=== WORK ITEM ===
Find "Let us take" below and begin at its line; stop after the line with "Hello everyone. My". Output those lines exactly, without pictures.

### RECORDED DATA

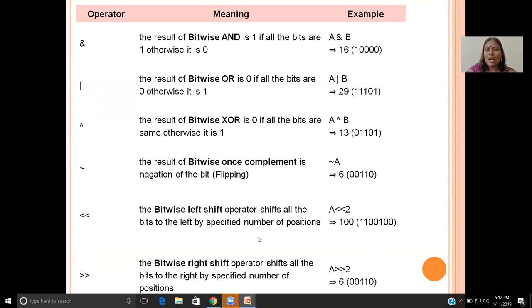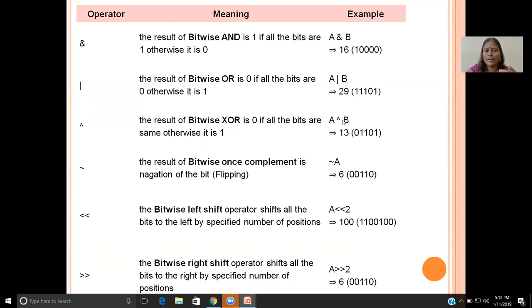Let us see how to solve with an example: how to convert a given number into binary form, and how the AND, OR, XOR, bitwise complement, and left and right shift operators work with examples. Keep watching.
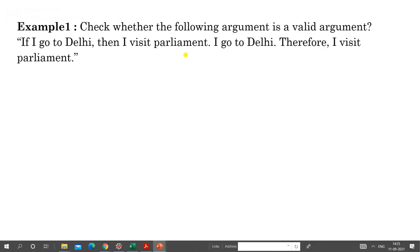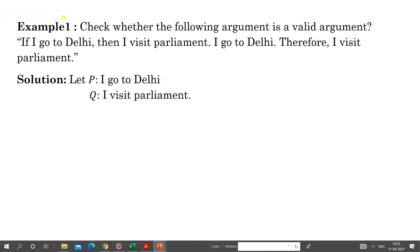Let us take some examples to check the validity of arguments. Example 1: this argument is given in the form of sentences, so first we have to convert it into the form of propositions. The argument is: if I go to Delhi then I visit parliament. The word 'therefore' is used, so the last part is the conclusion. Sometimes 'therefore' may not appear but you assume the last part is the conclusion.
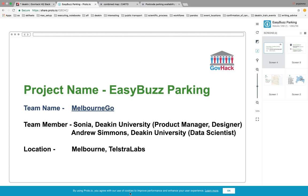Hello everyone. My project name is Easy Bus Parking and we are working in a team. Our team name is Melbourne Goh. I'm Sonia, a Deakin Uni student, and I'm Andrew, also a Deakin Uni student. So we are working together for this project.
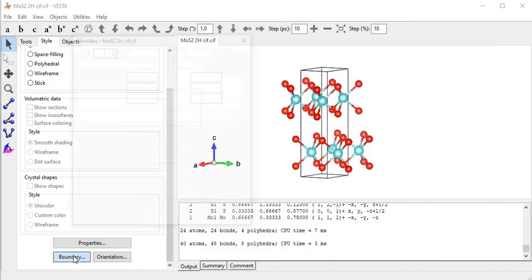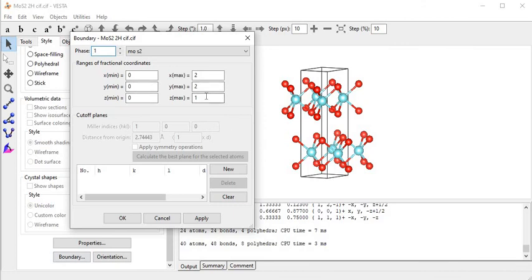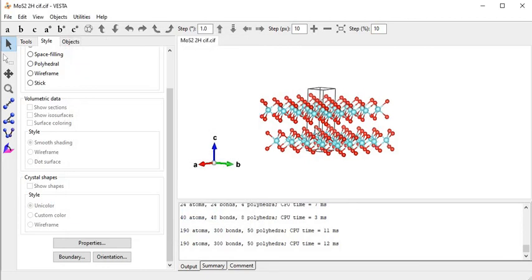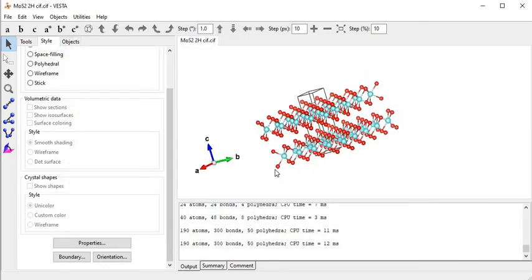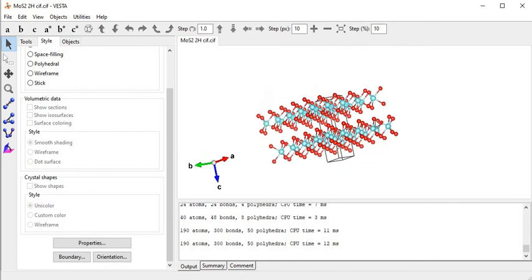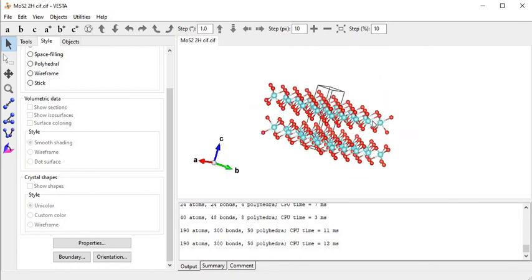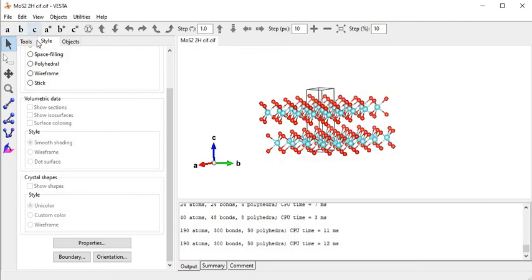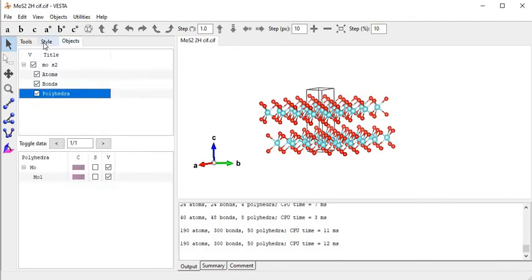Let me show one more feature - if I make the boundary five by five then apply, the crystal is extended five times in the x and y directions, and in the z-direction only two times. This gives a bilayer structure of MoS2. Now I come to the picture for observing all the unit cell views.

######

=== REPLY ===
Let us take some examples to check the validity of arguments. Example 1: this argument is given in the form of sentences, so first we have to convert it into the form of propositions. The argument is: if I go to Delhi then I visit parliament. The word 'therefore' is used, so the last part is the conclusion. Sometimes 'therefore' may not appear but you assume the last part is the conclusion.
Hello everyone. My project name is Easy Bus Parking and we are working in a team. Our team name is Melbourne Goh. I'm Sonia, a Deakin Uni student, and I'm Andrew, also a Deakin Uni student. So we are working together for this project.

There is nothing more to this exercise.